The model and its parameters obtained using present-day data are applied to the late Holocene in the following sections. This assumes that no changes in watershed settings during that period caused any substantial changes in precipitation-lake-inflow relationships and, in particular, watershed vegetation and potential evapotranspiration are similar to conditions during the model-development interval. This assumption is supported by different studies on speleothem records and confirms that during the late Holocene, vegetation (Keinan, Reference Keinan2016), air temperature, relative humidity (Affek et al., Reference Affek, Bar-Matthews, Ayalon, Matthews and Eiler2008), and sea surface temperature (Almogi-Labin et al., Reference Almogi-Labin, Bar-Matthews, Shriki, Kolosovsky, Paterne, Schilman, Ayalon, Aizenshtat and Matthews2009) over the eastern Mediterranean were mostly similar to present-day conditions.

Statistical properties of annual precipitation data and precipitation ensembles

Precipitation regime is represented here by the statistical properties of annual precipitation data (i.e., mean, standard deviation, probability distribution, and autocorrelation).

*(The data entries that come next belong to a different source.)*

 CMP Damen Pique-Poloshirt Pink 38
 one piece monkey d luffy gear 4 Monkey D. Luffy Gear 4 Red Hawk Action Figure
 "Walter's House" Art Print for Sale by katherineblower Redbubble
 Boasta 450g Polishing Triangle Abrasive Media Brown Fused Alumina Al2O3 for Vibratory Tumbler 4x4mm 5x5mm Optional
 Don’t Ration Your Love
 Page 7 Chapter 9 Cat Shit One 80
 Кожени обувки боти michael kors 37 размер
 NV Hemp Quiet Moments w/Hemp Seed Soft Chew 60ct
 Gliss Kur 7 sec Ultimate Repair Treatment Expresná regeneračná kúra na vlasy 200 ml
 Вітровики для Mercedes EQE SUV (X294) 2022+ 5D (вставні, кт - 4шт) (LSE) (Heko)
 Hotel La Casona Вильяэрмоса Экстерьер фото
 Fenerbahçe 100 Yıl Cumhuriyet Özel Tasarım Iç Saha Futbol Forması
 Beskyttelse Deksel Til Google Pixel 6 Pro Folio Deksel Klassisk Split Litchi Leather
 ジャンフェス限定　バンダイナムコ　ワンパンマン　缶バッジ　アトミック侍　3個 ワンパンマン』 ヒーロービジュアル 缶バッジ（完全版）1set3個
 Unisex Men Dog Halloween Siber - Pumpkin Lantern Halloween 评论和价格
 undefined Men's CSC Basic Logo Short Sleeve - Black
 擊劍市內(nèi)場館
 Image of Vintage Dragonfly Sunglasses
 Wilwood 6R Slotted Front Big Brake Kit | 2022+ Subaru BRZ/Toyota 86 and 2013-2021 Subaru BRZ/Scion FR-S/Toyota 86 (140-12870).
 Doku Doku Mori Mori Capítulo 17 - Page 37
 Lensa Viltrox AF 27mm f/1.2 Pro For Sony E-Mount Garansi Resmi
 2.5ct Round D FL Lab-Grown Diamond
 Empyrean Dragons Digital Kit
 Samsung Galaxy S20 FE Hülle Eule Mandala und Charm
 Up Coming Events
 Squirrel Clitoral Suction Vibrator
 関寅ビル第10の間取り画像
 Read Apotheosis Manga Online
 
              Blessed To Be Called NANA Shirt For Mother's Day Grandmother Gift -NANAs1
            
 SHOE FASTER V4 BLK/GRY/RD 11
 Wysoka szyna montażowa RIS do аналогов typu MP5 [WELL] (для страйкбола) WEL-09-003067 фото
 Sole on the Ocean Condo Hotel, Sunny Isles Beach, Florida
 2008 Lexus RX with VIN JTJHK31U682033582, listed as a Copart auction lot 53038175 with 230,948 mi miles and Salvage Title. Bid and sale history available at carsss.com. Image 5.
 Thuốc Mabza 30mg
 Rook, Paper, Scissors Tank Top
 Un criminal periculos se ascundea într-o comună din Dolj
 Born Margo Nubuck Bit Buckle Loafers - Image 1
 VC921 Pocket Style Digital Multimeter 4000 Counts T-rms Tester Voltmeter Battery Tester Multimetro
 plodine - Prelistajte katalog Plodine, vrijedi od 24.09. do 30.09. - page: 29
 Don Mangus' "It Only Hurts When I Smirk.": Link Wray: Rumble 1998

For present-day climatic conditions, the statistical properties of the randomly generated synthetic annual precipitation data should match those of observations, whereas those properties need to be altered for wetter or drier conditions.

The Kfar Giladi annual precipitation data for 1930–2015 were examined (Fig. 6a). The MAP is 779 mm/yr, with a standard deviation of 201 mm/yr and an insignificant lag-1 autocorrelation (R<0.001), supporting the assumption of independence between precipitation amounts in two consecutive years. While we concluded that normal, lognormal, and gamma distribution functions fit the annual precipitation record, the normal distribution was selected for further analysis (Fig. 6b) due to its convenient properties and the possibility of changing the parameters, namely, the mean, µ, and standard deviation, σ, of the annual precipitation, to represent different climatic regimes, as explained below.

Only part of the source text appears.